Viste le tensioni politiche antitedesche dovute alla Prima guerra mondiale, i due si spostano in Ticino. Vivono a Muralto, finché – nel 1925 – acquistano un terreno a Minusio. È in questo periodo che Elisàr comincia a dipingere. Sulla base di un progetto architettonico che combina casa e tempio, viene eretto il «Sanctuarium Artis Elisarion», che apre al pubblico nel 1927. Von Kupffer muore nel 1942, mentre von Mayer nel 1960. Non si realizza il desiderio che sia il Cantone a occuparsi dell’edificio: erede diventa il Comune di Minusio.
Von Kupffer arrivò a fondare una religione, il Clarismo, un culto definito «antipatriarcale». Che cosa auspicava questa dottrina?
Già durante gli anni in Italia Mayer e Kupffer sognano di creare una nuova religione, che chiameranno «Clarismo». Non sono gli unici a farlo in questo periodo: molto più successo, per esempio, ebbero Rudolf Steiner e la sua antroposofia. È un tentativo di superare le differenze fra generi, verso una fusione di caratteristiche maschili e femminili. A questo sottende senza dubbio un’apologia dell’omosessualità. Questo è ciò che si intendeva con «religione antipatriarcale». Per un certo tempo riscosse successo e in Germania furono perfino aperti dei centri claristi. Oggi, il loro programma può essere considerato come un’anticipazione delle attuali discussioni sulla diversità di gender e sulla questione LGBTQ.
Qual è il valore storico del dipinto appena restaurato Chiaro mondo dei Beati e del Santuario, che tanto suscitarono l’interesse di Szeemann? Egli gli dedicò ampio spazio nel suo progetto sul Monte Verità.
Il Chiaro mondo dei Beati è l’opera centrale di Elisàr, l’apoteosi della religione che ideò, insieme a von Mayer, e della sua opera pittorica. Per esso, al secondo piano, fu costruita nel 1939 un’apposita sala circolare, fulcro del santuario Elisarion. Il «Chiaro mondo» conclude un percorso spirituale all’interno dell’edificio, lungo il quale si passava dal caos del mondo reale a una sorta di eden. Anche al pianterreno i visitatori potevano ammirare un gran numero di dipinti di Elisàr, che completavano questo pellegrinaggio.

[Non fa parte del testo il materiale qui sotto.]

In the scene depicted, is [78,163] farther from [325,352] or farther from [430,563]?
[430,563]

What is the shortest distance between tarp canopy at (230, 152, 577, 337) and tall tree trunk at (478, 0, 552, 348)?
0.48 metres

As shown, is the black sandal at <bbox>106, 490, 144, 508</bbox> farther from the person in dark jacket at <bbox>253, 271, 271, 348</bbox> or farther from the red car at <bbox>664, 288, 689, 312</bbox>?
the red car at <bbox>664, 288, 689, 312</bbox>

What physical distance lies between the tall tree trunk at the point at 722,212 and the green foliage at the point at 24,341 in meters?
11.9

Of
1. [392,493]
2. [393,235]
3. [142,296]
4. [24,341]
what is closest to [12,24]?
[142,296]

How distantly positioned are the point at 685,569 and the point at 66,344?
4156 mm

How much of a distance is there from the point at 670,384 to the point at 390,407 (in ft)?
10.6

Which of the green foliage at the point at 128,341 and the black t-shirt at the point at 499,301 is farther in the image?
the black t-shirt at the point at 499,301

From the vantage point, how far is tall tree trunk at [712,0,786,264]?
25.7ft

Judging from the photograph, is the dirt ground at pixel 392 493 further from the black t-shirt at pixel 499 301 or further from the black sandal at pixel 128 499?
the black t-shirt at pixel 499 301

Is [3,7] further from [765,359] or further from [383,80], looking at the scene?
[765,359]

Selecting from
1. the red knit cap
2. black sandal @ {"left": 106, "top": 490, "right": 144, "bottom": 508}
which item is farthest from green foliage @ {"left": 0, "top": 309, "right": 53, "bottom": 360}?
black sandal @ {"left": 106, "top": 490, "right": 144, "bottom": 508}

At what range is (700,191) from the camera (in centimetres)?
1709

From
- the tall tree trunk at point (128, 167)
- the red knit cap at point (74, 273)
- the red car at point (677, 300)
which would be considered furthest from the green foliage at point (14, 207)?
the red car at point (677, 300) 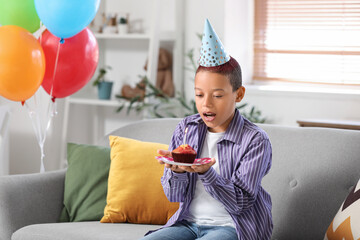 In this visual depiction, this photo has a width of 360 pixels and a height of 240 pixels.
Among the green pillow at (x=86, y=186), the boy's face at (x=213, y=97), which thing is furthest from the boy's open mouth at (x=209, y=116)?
the green pillow at (x=86, y=186)

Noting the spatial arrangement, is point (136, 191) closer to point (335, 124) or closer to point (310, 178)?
point (310, 178)

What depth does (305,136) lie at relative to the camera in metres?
2.34

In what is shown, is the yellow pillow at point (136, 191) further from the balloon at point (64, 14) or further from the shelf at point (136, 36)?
the shelf at point (136, 36)

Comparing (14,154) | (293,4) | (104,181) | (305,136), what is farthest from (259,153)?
(14,154)

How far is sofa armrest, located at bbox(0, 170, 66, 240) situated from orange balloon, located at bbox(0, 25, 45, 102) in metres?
0.39

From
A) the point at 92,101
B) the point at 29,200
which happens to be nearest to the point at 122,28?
the point at 92,101

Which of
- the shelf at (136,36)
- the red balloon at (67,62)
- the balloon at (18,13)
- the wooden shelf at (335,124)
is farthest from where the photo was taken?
the shelf at (136,36)

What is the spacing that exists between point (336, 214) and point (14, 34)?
4.90 feet

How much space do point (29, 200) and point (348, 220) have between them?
1.29 meters

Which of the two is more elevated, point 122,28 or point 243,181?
point 122,28

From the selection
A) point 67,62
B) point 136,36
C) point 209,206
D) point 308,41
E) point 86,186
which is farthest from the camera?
point 136,36

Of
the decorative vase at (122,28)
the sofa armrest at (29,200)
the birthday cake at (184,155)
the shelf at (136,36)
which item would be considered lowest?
the sofa armrest at (29,200)

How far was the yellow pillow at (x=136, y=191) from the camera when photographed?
7.78ft

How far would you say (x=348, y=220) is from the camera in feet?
6.39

Il valore storico sta nella singolarità di questo grande dipinto che rappresenta il peculiare paradiso clarista nella forma di un dipinto circolare. Lo stile si inserisce nel concetto di «Arte ossessiva» e di sogno di una vita alternativa che affascinava tanto Harald Szeemann e che tanto lo interessava al Monte Verità.

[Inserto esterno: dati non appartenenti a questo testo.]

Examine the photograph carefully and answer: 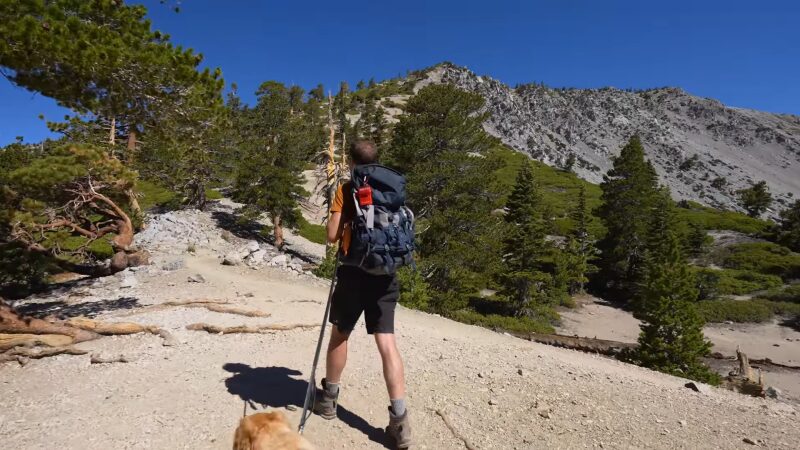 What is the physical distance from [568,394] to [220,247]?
747 inches

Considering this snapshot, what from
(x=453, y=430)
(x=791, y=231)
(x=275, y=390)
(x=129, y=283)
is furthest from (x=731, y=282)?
(x=275, y=390)

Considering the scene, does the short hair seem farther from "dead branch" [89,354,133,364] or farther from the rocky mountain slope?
the rocky mountain slope

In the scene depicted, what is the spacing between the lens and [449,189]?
20391 mm

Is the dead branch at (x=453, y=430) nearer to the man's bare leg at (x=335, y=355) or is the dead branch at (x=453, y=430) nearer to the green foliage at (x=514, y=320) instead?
the man's bare leg at (x=335, y=355)

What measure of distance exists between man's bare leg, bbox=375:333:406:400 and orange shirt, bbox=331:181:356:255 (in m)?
0.74

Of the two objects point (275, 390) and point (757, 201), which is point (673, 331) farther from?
point (757, 201)

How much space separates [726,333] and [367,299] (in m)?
34.2

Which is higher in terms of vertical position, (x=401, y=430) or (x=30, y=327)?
(x=401, y=430)

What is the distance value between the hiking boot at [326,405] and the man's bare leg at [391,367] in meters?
0.68

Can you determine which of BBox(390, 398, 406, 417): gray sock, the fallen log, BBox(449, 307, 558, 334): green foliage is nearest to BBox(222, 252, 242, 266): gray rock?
BBox(449, 307, 558, 334): green foliage

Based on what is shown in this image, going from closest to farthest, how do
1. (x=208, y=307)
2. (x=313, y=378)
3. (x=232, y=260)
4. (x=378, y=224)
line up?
(x=378, y=224) < (x=313, y=378) < (x=208, y=307) < (x=232, y=260)

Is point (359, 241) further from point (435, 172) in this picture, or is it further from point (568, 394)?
point (435, 172)

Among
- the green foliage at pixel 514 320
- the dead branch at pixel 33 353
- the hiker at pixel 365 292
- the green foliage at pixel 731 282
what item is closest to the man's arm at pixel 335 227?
the hiker at pixel 365 292

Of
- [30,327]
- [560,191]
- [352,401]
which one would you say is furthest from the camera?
[560,191] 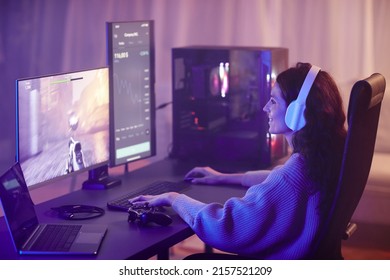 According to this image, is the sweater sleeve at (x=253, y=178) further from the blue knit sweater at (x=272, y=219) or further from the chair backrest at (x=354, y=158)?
the chair backrest at (x=354, y=158)

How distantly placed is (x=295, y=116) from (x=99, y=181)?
0.88m

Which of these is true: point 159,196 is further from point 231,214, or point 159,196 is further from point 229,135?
point 229,135

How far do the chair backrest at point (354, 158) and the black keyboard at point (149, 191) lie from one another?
2.19 ft

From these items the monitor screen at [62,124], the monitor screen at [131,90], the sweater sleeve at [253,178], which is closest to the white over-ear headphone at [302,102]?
A: the sweater sleeve at [253,178]

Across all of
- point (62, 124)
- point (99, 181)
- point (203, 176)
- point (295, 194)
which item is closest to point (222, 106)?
point (203, 176)

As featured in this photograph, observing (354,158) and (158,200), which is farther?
(158,200)

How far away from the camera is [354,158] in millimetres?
1856

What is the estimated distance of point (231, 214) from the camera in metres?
2.05

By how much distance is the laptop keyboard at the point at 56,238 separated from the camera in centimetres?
190

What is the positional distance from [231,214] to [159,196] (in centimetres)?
32

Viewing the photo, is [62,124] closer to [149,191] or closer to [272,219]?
[149,191]

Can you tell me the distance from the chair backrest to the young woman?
0.06 m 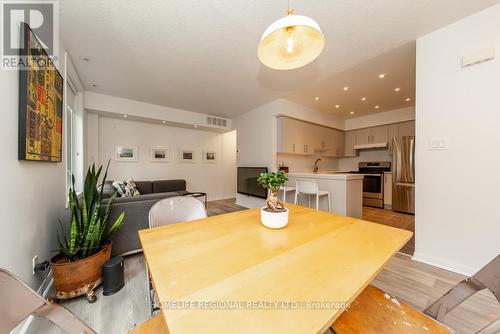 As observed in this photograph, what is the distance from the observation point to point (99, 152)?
3.96 m

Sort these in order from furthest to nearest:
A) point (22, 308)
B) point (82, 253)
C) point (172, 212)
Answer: point (82, 253) → point (172, 212) → point (22, 308)

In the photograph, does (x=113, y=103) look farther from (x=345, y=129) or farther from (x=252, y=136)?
(x=345, y=129)

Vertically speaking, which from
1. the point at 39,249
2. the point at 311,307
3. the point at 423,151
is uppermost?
the point at 423,151

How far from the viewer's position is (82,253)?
60.1 inches

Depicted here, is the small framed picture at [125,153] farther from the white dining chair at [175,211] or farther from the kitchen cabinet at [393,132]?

Le esperienze del Monte Verità e il santuario di Minusio non ebbero una relazione diretta, ma secondo Szeemann il secondo fu quasi una continuazione ideale del primo. Come si inserisce oggi il dipinto nel contesto museale?

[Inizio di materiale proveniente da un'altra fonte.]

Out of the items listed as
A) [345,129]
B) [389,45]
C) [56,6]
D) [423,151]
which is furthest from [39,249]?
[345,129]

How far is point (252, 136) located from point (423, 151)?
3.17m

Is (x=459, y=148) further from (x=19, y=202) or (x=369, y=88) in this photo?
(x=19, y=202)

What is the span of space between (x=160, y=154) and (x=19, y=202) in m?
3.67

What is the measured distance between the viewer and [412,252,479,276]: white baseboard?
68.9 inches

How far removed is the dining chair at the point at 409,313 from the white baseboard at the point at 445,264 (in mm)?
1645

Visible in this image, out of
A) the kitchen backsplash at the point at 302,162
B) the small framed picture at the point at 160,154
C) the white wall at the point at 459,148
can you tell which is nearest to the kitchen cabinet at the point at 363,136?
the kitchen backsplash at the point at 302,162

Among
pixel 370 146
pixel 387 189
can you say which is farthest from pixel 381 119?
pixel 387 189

Gli interni originali dell’Elisarion di Minusio furono distrutti alla fine degli anni Settanta per trasformare l’edificio in un centro culturale. Szeemann, che aveva salvato in extremis il Chiaro mondo e tante altre opere, trovò una soluzione sistemandolo al Monte Verità. Fece costruire una sorta di capanna per esporre il Chiaro mondo e alcuni altri quadri.
Come segnala lei, Mayer e von Kupffer non erano in contatto con la comunità del Monte Verità, ma Szeemann aveva ragione: sono movimenti riformatori paralleli, sorti all’insegna della ricerca di un mondo migliore. Oggi il padiglione Elisarion restaurato è diventato uno dei luoghi emblematici del complesso museale Monte Verità, accanto all’albergo in stile Bauhaus e a Casa Anatta.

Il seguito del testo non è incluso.